Aim of the task: Provide the number of lines below that include "steps", without any other words.

+++ Given entries

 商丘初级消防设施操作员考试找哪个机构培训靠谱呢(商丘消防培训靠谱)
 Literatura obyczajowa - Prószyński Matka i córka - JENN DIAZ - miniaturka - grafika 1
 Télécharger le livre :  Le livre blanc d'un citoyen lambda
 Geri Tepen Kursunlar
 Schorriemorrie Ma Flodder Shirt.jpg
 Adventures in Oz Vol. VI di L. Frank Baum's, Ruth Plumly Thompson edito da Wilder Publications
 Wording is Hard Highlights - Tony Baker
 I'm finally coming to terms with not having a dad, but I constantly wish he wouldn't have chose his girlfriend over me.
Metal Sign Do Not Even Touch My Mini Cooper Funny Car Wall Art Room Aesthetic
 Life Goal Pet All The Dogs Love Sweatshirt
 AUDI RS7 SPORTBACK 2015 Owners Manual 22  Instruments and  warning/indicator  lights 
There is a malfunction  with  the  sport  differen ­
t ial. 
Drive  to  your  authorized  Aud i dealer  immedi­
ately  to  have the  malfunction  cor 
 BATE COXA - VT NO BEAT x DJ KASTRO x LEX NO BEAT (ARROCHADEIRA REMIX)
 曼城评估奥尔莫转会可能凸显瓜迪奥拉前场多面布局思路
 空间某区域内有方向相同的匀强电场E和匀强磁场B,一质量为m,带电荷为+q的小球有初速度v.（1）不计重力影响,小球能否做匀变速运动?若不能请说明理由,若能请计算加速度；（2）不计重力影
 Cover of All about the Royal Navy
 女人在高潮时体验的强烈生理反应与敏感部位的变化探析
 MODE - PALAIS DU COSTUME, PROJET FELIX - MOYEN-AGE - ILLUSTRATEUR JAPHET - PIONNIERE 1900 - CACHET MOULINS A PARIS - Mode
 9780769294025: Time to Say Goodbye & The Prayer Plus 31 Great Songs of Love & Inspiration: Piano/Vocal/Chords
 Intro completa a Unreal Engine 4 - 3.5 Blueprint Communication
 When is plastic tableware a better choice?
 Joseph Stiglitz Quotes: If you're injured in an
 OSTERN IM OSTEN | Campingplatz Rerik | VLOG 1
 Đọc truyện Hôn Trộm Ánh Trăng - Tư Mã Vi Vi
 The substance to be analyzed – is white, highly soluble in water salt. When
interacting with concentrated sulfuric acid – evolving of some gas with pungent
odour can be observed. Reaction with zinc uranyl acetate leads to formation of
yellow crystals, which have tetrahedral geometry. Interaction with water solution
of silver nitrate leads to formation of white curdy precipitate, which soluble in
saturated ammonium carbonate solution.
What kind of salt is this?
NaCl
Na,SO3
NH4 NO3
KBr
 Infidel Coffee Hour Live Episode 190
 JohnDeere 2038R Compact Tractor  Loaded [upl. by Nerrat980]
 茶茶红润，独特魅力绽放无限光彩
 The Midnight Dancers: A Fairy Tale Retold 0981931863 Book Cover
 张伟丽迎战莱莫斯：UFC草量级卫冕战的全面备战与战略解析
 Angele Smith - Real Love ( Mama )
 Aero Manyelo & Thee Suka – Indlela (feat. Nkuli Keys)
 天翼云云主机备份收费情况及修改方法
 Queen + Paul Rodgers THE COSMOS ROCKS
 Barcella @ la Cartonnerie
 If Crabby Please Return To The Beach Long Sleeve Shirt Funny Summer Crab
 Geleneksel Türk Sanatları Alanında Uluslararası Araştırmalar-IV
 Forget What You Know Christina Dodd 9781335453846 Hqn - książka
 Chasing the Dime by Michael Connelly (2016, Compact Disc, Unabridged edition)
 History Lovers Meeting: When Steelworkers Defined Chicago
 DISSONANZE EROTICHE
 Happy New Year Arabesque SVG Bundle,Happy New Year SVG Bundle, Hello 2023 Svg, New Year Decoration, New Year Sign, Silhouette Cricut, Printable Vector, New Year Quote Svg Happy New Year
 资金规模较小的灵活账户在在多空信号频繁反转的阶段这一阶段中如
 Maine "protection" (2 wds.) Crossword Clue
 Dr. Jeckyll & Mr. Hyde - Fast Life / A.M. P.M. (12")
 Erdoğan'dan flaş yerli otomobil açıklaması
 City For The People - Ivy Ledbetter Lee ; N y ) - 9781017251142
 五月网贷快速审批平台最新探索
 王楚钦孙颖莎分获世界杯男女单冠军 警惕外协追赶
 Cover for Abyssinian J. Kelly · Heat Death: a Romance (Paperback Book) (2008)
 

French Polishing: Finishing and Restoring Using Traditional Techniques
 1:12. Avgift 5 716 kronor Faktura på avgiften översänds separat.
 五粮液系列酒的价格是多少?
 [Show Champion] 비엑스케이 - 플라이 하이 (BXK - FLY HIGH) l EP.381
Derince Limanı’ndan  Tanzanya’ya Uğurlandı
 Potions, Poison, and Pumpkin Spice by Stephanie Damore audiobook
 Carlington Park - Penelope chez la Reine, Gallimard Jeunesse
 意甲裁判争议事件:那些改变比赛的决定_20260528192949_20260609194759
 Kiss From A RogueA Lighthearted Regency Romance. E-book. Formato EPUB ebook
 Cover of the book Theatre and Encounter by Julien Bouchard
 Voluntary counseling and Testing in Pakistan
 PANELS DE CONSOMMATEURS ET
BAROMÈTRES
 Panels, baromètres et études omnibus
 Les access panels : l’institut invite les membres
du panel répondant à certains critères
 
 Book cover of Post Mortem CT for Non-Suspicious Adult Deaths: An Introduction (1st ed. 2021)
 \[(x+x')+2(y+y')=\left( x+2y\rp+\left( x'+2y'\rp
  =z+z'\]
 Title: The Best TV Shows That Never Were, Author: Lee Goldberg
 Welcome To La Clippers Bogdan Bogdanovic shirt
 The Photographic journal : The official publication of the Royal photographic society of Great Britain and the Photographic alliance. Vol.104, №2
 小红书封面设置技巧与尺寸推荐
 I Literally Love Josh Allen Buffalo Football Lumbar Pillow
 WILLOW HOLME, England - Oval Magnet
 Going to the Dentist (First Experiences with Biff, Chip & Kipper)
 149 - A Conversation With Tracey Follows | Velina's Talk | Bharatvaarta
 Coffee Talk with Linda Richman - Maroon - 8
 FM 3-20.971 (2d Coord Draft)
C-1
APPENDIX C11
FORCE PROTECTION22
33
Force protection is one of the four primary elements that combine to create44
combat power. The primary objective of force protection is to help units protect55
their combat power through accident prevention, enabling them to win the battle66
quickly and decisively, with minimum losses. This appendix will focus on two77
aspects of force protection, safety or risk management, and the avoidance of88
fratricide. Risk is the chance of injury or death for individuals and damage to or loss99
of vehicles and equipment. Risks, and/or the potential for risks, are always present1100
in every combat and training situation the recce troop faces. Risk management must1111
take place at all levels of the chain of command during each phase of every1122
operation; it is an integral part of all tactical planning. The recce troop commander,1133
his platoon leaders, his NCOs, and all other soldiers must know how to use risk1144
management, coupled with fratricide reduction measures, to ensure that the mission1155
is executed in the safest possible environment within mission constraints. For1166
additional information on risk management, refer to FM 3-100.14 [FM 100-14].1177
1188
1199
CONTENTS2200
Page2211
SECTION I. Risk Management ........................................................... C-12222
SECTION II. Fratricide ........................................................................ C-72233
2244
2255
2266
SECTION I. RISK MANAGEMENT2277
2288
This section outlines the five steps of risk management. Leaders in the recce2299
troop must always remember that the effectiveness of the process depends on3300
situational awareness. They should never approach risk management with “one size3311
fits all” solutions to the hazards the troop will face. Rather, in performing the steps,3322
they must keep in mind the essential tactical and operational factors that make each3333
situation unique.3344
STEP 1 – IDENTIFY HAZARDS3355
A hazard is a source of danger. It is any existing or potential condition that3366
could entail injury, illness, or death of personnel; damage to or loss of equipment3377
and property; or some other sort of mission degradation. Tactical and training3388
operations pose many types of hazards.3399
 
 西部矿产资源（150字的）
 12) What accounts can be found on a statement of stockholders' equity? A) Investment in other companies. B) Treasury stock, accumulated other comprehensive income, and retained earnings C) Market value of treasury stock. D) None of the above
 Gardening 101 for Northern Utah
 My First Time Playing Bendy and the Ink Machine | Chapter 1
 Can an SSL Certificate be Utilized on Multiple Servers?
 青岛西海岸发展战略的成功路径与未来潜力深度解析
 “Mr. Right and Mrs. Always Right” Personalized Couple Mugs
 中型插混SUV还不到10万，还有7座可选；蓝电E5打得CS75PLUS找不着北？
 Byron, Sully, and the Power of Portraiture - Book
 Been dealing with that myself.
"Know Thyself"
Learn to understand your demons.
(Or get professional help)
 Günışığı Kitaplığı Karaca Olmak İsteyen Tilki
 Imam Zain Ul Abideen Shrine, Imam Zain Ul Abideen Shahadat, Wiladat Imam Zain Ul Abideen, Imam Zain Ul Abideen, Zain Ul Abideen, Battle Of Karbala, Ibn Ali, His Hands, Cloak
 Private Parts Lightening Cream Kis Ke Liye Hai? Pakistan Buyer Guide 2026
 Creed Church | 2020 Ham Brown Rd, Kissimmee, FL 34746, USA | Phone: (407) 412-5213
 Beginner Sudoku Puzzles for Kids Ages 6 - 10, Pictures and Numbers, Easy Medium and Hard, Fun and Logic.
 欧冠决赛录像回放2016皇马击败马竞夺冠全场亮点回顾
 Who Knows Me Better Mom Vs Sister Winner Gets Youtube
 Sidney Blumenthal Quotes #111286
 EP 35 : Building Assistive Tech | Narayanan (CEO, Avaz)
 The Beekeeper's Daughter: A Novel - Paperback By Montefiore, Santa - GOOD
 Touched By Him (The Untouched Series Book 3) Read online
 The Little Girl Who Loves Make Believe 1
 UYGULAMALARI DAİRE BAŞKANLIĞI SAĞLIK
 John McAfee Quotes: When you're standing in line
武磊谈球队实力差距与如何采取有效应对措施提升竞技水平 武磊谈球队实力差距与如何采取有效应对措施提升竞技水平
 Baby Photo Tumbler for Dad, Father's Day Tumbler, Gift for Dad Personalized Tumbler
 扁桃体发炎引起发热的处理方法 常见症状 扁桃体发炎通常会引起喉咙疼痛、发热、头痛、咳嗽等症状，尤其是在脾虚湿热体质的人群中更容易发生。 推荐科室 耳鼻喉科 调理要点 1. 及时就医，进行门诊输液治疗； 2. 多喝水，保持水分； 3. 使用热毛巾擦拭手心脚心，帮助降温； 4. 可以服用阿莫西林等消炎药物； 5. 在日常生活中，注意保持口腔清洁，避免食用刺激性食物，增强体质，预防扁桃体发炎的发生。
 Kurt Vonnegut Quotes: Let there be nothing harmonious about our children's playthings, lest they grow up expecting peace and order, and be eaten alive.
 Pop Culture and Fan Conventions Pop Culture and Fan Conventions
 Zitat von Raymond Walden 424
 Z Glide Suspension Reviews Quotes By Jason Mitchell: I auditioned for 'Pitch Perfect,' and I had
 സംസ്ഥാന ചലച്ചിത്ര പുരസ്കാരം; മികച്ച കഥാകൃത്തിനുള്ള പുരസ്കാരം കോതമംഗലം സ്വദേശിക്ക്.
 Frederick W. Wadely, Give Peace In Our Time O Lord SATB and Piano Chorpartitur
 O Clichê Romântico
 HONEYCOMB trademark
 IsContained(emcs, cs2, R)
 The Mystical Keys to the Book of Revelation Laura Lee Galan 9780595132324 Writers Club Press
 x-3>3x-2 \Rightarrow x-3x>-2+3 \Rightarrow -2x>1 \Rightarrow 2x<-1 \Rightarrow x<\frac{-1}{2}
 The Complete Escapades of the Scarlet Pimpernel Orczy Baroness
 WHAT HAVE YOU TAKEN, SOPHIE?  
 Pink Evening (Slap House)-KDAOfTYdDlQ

++++++

Worked solution: 2